Our exercises focussed on empathy and active listening, key behaviours of EQ.  Empathy is a fascinating topic to explore with young adults; a quick internet search suggests that teens cannot easily access empathy due to their developing brains; if this was to be believed my work would be cut out.  However the D64 students demonstrated empathy ably in their scenes and discussions.

This is much more consistent with research which contradicts the myth of the selfish teen.  Rather than saying that teens don’t demonstrate empathy, research from the Centre for Adolescent Development at Utrecht University highlights that their empathy is under development.
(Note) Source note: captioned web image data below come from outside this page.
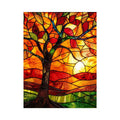 Autumn stained-glass tree at sunset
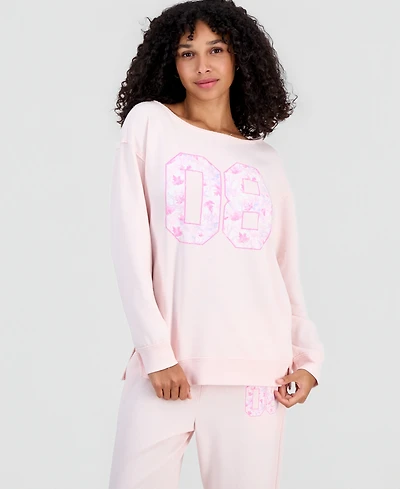 Rebellious One Juniors' 89 Camo Off-the-Shoulder Mineral Wash Boat Neck Sweatshirt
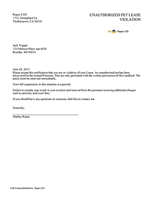 Unauthorized Pet Lease Violation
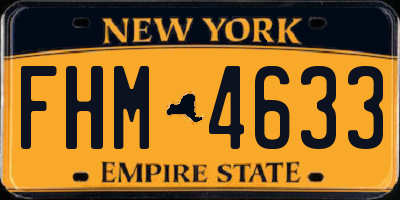 NY license plate FHM4633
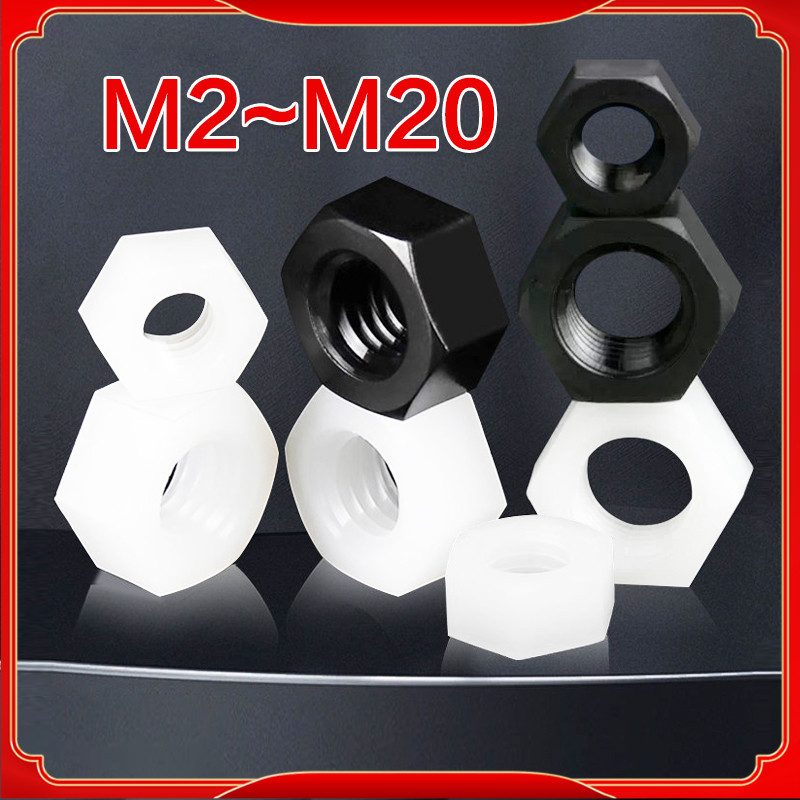 Nylon Hex Nut Nut Black/White/Transparent Nylon Hex Nut M2/M2.5-M20 [LDLL]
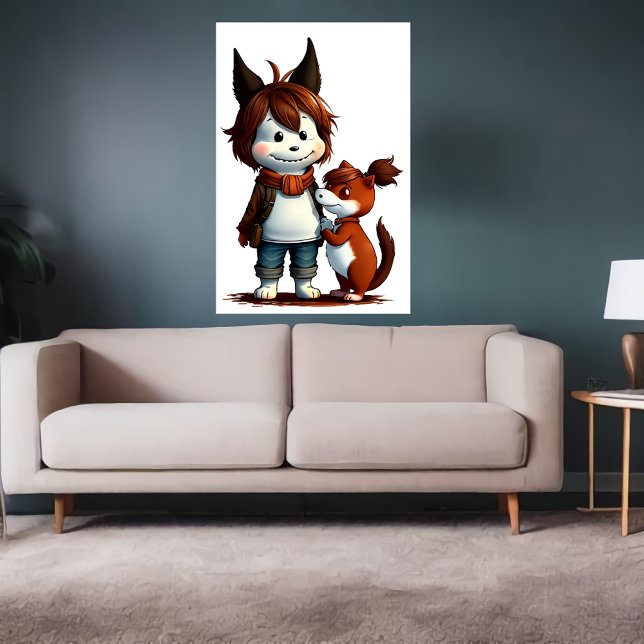 Anthropomorphic Dog and his pet | AI Art Poster (Creator Uploaded)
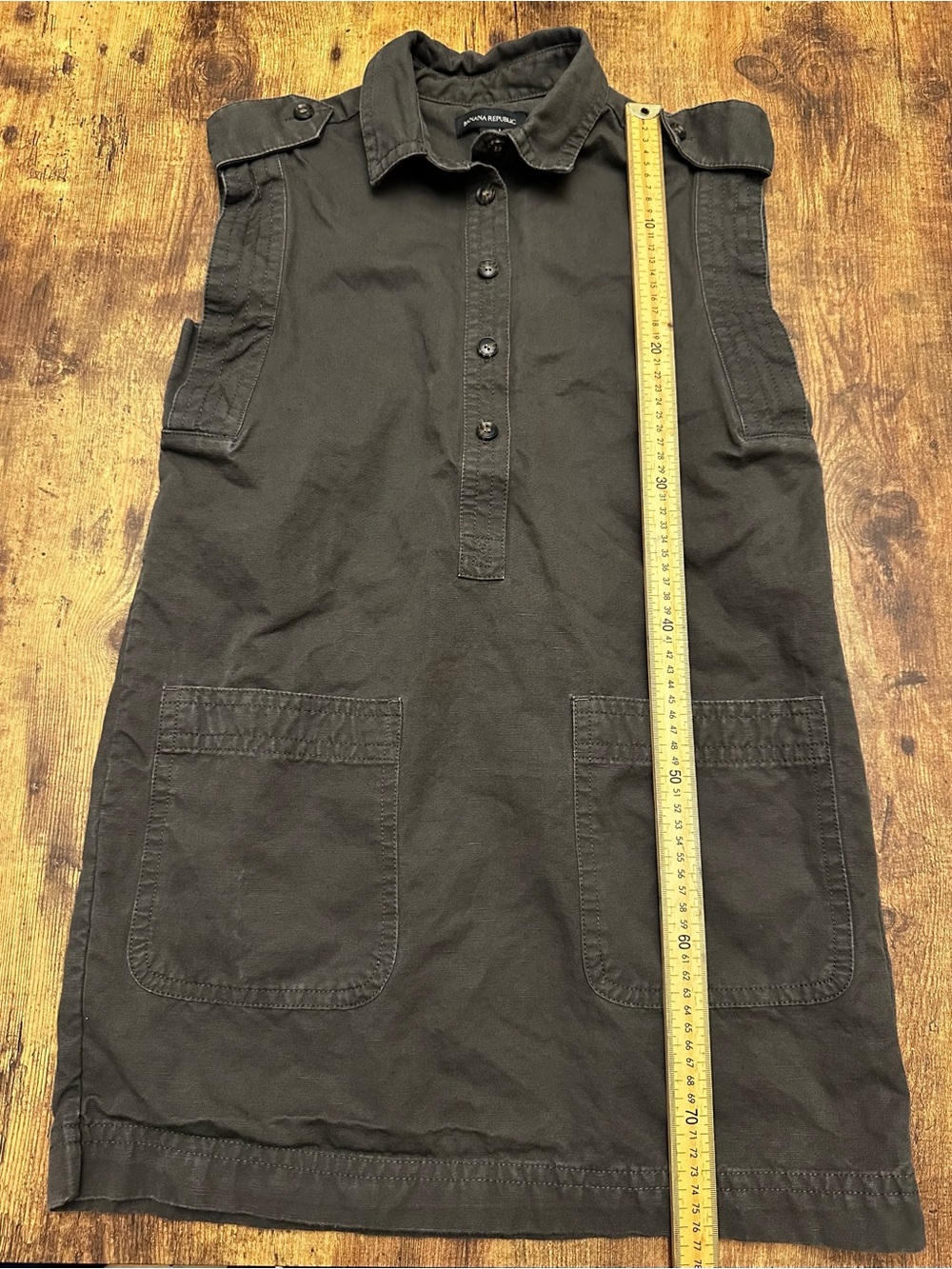 Banana Republic Olive Green Sleeveless Collared Mini Dress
If it is under development, it’s more important we positively support and reinforce that growth.  Further research from the Utrecht unit suggests that parents and young adults who can express emotional flexibility have better quality long-term relationships.

(As an aside, research from the Netherlands (again), suggested that use of social media in adolescents improved both their ability to understand (cognitive empathy) and to share the feelings (affective empathy) of their peers.)
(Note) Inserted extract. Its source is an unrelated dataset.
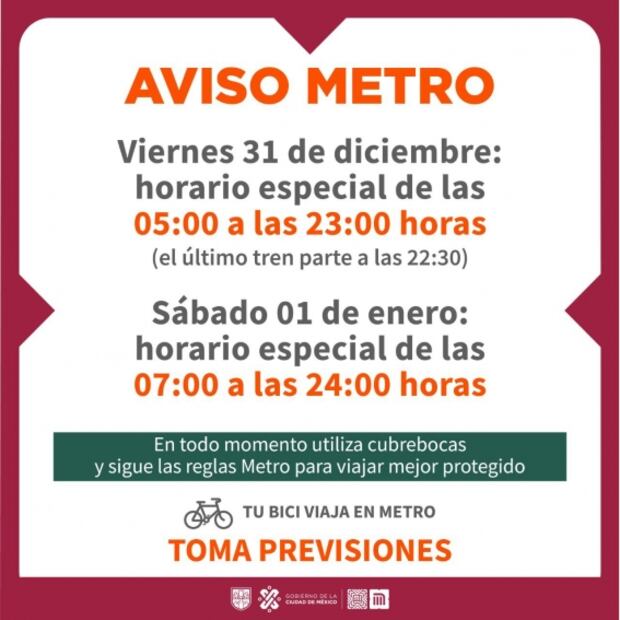 ¡Recuérdalo! Estos son los horarios del Metro CDMX para Año Nuevo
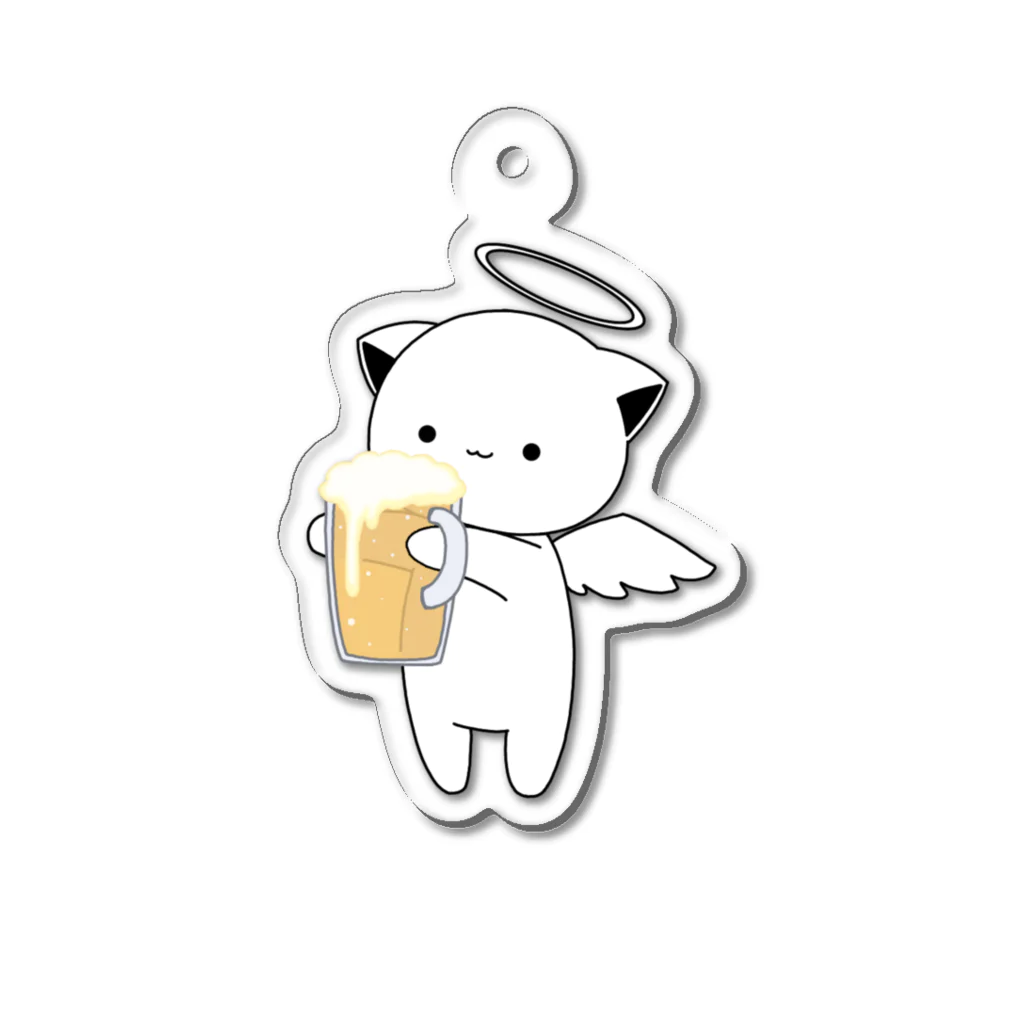 MochiMochi SHOPの白猫天使こむぎちゃん（ビール） Acrylic Key Chain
Active Listening and Teens (and the rest of us!)

Back to the D64’ers and our next exercise – active listening, without speaking; this was a definitely a greater challenge. 

The urgency with which many of us want to intervene and share our point of view, is common to both younger and older adults.  But how can we respond with EQ if we haven’t taken the time to truly listen? 

And as an actor, really listening on stage as though you had never heard those words before (instead of getting ready for your next line) is a real skill.   So the students were challenged to listen to their partner for 2 minutes without intervening, verbally and physically; to listen with attention, curiosity and without judgment (á la Nancy Kline or Carl Rogers), allowing the peer to have space to explore their train of thought.  Unsurprisingly this was not easy.

In a social media setting, I was reminded of a phrase used by a friend and academic who described the pressure to comment online as ‘performative’ – less listening or reading to understand, more feeling pressured to make a statement of great interest, hilarity, gravity, relevance and so forth.  (As I write this blog, I hold that mirror up to myself!)

 So how can they improve their active listening?  Through practice, yes, but also through experiencing the benefits from those around them; parents, teachers, friends and so on.  The more we value this skill and role model to this fertile group, the better.

And what did I learn from them? 

As well as understanding their perspective on EQ, technology and presence, it raised plenty of questions and thoughts for me as a coach and facilitator, including:

·      How can I create an environment, with my business clients, that replicates the same wide-eyed curiosity and energy shown by the students of D64?

·      I love acting and therefore how can I incorporate it more into my work (clients watch out!!) and finally:

·      It reinforced to me that focus on being present, active listening, empathy and EQ are all more relevant then ever, for teens and adults of all ages alike.

 

References:

Van der Graaff J, Carlo G, Crocetti E, Koot HM and Branje S (2018) “Prosocial Behavior in Adolescence: Gender Differences in Development and Links with Empathy,” Journal of youth and adolescence, 47(5), pp. 1086–1099.

Vossen, H. G. M. and Valkenburg, P. M. (2016) “Do Social Media Foster or Curtail Adolescents' Empathy? A Longitudinal Study,” Computers in Human Behavior, 63.